For guidance in adjusting the pH of your soil, consult your local Extension office. They can help you with soil testing and amendments to change the pH. It can be tempting to forego the soil testing and start trying to adjust pH blindly, just adding what looks like "enough" of a given amendment. Adjusting pH can be difficult, and may take a lot more soil amending than you think. It is also easy to "overshoot" your desired pH, and it may be tough to recover from an overdose of amending. It is possible to have a soil too acidic or too alkaline to support plant growth.
If you, like me and many other people, can't worry about soil pH just yet because your hydrangea stubbornly refuses to flower, you need to put your detective hat on. One source I found summed up the "non-flowering" issue as a problem of excesses-- too much cold, too much shade, or too much nitrogen.
Now for the million dollar question, why wouldn't my hydrangea flower? In figuring out this question, the type of hydrangea is important. My non-flowering hydrangea is a Bigleaf Hydrangea. It had beautiful blooms on it when I planted it, but produced no new flowers that summer or the following year.
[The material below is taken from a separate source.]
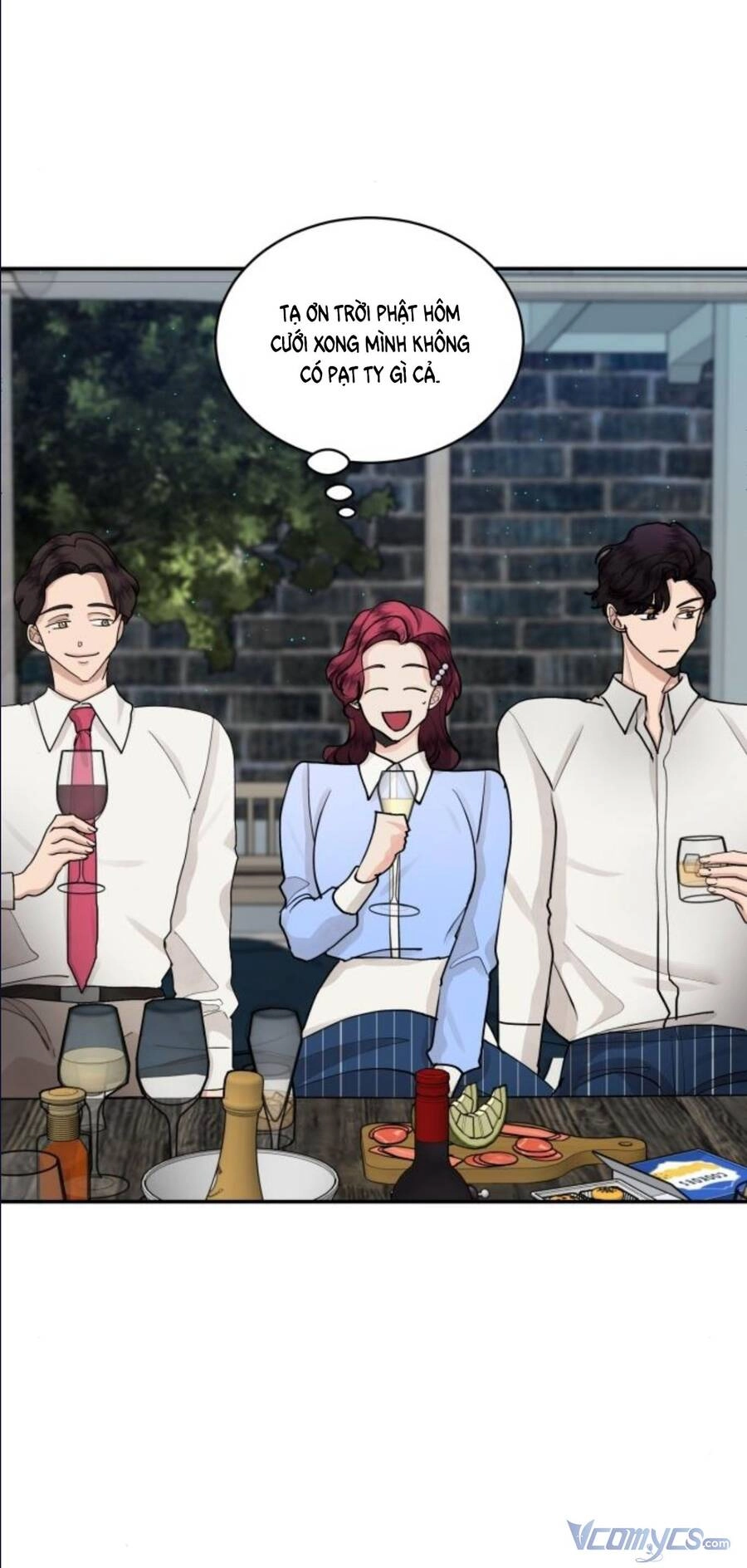 Oan Gia Ngõ Hẹp Chapter 55 - 3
Knowing the type of hydrangea has to do with the first excess: "too much cold". If you are growing a hydrangea that blooms on old wood, that plant forms next year's flower buds on this years branches in late summer and fall. If the winter is particularly cold, those flower buds may be killed. Added winter protection may help keep the flower buds alive.
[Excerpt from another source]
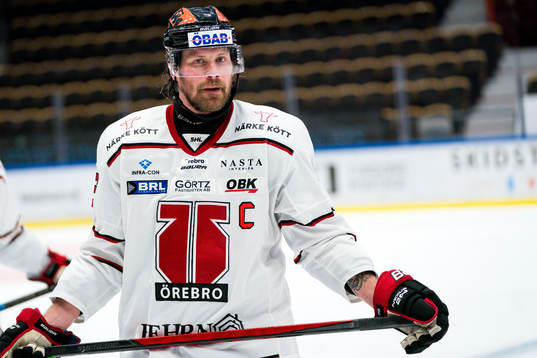Örebros Stefan Warg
My hydrangea is a Bigleaf Hydrangea called 'Endless Summer'. It will bloom on both new and old wood. It is also planted in a protected area near my house. So too much cold shouldn't affect its ability to bloom.
Hydrangeas are generally considered to be an understory plant, thriving in partial shade. They do need some sun in order to flower well. Morning sun and afternoon shade is ideal for many hydrangeas. Too much shade can decrease flowering or inhibit it altogether. My hydrangea is on the north side of the house, and it gets morning sun and is shaded most of the afternoon. Too much shade doesn't seem like the likely cause of its refusal to flower.
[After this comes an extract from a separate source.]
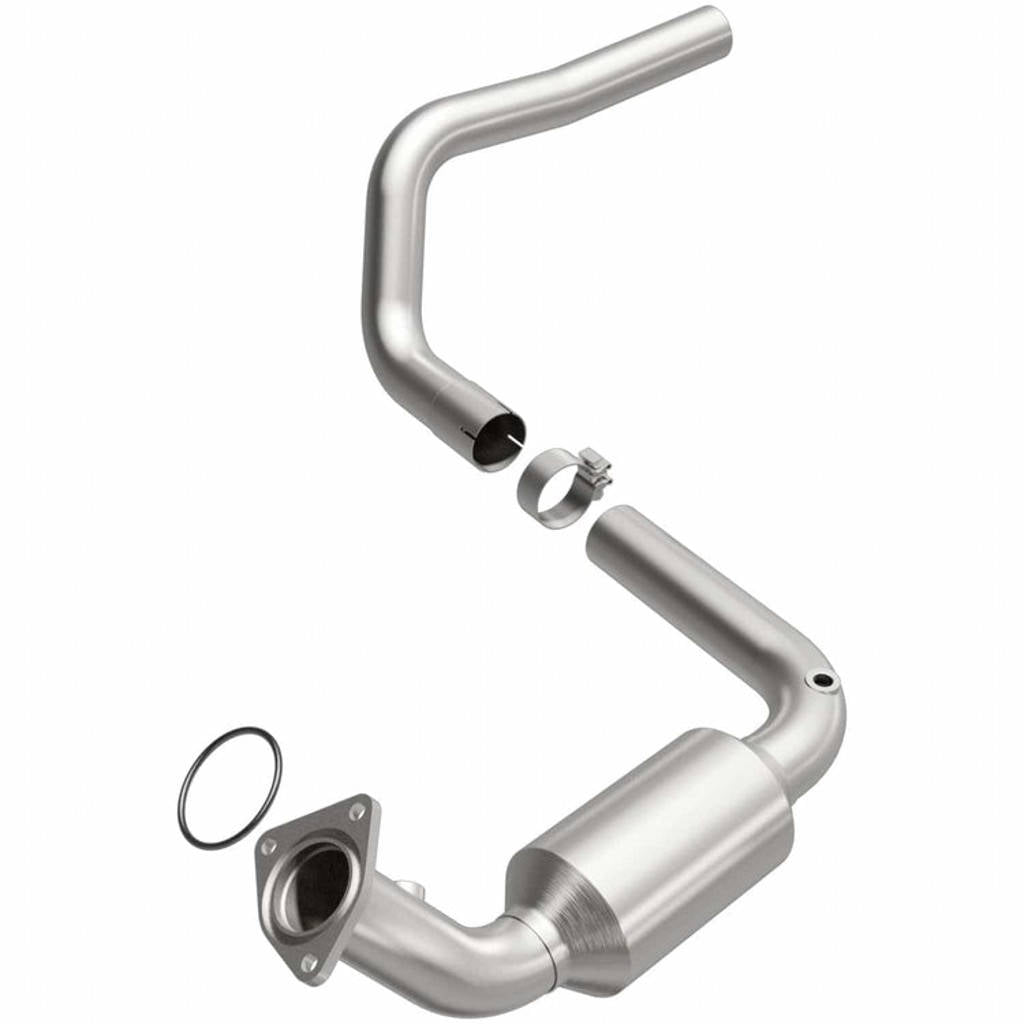 MAGNAFLOW 4451218 Catalytic Converter Direct-Fit California Grade for HUMMER H2 2003-2003 Photo-0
Excessive nitrogen fertilizer application can be a problem for any flowering plant, not just hydrangeas. Nitrogen promotes growth of leaves rather than flowers. I hadn't applied any fertilizers while my hydrangea was refusing to flower.
This left me puzzled. According to the sources I had consulted, there was no clear reason my hydrangea wouldn't flower. So like a lot of gardeners and Cubs fans, I decided to "wait 'till next year".
The year after I planted my hydrangea, it had absolutely no flowers. Not even one. I waited again. The next year I had one small cluster of flowers. A small victory. This year, my hydrangea is loaded with flowers-- some of the branches look like they will break.
My opinion is that given proper temperatures, sun exposure, and nutrients, a hydrangea that refuses to flower just needs time. That's a hard point to swallow in our hectic society, but Mother Nature just may have some lessons to teach us if we take time to listen.